**Requirement:**
Using the records beneath, say how many lines contain the word "Toyota", without comment.

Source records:
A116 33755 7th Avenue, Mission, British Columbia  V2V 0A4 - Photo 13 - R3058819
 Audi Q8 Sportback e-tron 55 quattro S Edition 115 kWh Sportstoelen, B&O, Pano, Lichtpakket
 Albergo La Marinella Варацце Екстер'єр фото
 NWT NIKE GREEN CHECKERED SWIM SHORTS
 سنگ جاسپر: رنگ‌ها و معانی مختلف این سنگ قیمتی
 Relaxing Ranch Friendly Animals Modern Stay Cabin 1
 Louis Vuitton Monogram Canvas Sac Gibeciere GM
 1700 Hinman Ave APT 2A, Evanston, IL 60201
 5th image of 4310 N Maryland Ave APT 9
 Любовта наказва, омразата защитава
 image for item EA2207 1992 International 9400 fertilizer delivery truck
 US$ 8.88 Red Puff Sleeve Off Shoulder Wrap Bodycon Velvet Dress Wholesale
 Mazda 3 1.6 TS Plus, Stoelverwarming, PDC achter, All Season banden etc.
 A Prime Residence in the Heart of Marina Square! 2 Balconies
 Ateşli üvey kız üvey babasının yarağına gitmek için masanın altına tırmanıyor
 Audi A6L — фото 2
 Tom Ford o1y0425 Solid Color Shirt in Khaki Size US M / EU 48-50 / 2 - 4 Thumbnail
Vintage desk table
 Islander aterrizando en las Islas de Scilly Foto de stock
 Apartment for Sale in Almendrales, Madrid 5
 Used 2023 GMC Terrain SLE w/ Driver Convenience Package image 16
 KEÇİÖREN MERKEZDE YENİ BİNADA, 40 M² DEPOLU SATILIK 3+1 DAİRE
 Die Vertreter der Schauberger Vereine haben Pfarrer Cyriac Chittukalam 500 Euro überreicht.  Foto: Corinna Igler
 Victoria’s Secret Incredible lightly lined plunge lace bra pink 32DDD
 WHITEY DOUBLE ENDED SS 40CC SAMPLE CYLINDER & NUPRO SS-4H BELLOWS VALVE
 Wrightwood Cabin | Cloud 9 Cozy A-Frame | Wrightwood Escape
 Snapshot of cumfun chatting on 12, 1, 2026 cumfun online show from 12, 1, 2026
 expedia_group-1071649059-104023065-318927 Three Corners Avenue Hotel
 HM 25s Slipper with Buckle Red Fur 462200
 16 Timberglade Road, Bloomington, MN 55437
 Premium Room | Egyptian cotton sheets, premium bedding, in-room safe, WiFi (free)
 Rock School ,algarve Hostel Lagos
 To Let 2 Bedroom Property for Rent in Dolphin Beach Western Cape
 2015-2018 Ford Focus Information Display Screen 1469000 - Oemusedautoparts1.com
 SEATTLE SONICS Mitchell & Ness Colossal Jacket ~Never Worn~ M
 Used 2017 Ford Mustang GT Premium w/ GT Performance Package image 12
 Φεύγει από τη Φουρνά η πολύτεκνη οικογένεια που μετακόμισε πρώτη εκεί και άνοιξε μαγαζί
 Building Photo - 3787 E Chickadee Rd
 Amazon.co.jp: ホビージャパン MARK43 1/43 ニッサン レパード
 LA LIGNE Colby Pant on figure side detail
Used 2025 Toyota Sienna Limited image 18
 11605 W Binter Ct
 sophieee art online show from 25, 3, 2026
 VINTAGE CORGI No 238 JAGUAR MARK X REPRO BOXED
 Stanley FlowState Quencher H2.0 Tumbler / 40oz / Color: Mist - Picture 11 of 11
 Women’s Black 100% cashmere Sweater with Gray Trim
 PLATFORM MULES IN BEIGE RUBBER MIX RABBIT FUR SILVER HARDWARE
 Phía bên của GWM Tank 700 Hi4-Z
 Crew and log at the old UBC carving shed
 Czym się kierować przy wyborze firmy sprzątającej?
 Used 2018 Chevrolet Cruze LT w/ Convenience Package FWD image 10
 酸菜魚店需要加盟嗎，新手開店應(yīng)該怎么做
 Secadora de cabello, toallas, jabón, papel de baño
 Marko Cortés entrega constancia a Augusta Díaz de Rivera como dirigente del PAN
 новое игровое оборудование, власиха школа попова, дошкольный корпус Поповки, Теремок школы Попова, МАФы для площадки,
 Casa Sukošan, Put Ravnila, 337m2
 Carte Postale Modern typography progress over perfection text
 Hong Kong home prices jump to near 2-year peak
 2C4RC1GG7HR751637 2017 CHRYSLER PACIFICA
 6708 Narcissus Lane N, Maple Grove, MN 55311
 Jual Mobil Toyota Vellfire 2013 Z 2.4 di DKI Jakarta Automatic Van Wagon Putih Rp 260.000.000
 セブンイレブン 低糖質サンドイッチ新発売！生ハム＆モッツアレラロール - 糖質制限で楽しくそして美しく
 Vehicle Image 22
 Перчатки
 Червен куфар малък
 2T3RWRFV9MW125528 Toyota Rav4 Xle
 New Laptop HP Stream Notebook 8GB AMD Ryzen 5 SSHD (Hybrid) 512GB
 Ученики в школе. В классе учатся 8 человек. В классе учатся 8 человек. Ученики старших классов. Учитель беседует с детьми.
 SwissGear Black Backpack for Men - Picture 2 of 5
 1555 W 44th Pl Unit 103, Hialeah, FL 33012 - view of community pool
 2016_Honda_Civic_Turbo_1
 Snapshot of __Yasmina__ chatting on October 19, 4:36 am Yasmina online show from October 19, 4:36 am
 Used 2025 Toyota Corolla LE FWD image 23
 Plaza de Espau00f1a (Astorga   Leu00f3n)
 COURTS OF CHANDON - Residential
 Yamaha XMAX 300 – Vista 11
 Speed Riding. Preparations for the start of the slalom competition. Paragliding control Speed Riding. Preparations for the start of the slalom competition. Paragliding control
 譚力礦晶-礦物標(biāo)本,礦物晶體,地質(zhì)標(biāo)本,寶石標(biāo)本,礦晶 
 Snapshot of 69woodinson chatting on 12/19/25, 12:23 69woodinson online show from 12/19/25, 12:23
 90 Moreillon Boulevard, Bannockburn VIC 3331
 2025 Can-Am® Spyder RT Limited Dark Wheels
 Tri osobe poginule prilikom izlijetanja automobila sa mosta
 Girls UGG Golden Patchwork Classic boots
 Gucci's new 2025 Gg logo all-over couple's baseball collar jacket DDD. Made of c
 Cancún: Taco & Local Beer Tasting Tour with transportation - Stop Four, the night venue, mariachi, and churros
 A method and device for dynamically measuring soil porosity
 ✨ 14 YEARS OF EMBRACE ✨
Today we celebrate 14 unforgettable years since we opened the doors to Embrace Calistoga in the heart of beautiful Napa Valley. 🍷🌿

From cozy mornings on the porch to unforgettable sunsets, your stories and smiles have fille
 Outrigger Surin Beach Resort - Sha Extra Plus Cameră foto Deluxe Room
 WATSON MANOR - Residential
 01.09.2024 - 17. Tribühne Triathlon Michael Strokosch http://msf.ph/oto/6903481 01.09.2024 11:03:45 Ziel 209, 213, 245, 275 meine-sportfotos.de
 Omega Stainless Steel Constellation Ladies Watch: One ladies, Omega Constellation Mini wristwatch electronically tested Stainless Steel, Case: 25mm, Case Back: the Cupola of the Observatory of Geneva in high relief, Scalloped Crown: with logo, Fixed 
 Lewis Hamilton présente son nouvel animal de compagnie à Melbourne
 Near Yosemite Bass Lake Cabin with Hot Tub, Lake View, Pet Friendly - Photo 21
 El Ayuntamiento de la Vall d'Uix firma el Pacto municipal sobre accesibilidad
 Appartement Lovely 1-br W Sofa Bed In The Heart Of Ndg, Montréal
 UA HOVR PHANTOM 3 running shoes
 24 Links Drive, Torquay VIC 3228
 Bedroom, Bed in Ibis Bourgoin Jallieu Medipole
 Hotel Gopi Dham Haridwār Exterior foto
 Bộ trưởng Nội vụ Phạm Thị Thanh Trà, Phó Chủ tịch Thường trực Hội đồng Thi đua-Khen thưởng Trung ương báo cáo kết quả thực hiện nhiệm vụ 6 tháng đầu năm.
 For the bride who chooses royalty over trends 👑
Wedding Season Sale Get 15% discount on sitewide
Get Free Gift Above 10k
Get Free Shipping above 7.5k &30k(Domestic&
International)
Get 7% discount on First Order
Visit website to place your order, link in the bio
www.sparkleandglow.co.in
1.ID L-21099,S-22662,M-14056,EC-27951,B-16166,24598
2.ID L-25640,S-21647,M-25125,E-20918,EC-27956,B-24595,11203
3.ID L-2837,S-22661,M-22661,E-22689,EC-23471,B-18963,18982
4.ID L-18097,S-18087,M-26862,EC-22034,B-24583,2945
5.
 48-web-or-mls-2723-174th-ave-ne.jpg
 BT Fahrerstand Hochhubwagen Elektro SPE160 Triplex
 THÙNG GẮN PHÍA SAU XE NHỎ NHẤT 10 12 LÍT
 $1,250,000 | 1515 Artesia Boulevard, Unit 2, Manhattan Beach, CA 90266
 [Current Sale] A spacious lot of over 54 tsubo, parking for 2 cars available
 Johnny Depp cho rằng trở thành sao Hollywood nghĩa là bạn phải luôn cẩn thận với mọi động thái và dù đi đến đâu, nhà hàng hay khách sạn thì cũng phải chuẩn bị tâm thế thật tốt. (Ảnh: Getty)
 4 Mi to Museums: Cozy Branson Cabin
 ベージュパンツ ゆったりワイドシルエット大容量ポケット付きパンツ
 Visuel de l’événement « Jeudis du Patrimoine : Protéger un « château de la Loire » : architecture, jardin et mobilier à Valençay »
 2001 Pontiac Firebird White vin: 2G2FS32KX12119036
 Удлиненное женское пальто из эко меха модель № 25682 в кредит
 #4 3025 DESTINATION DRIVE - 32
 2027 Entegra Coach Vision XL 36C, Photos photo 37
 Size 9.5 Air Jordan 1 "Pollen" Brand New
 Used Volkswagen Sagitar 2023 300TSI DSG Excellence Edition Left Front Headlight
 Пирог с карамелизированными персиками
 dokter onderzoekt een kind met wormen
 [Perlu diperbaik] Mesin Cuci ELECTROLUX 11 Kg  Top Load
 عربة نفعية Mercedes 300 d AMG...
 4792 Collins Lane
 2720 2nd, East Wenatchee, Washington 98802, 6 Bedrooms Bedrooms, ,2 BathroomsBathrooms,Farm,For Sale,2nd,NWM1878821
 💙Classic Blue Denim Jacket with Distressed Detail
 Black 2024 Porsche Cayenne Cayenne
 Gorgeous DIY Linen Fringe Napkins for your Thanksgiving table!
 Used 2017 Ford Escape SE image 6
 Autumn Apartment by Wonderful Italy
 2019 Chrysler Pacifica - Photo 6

**Your solution:**
4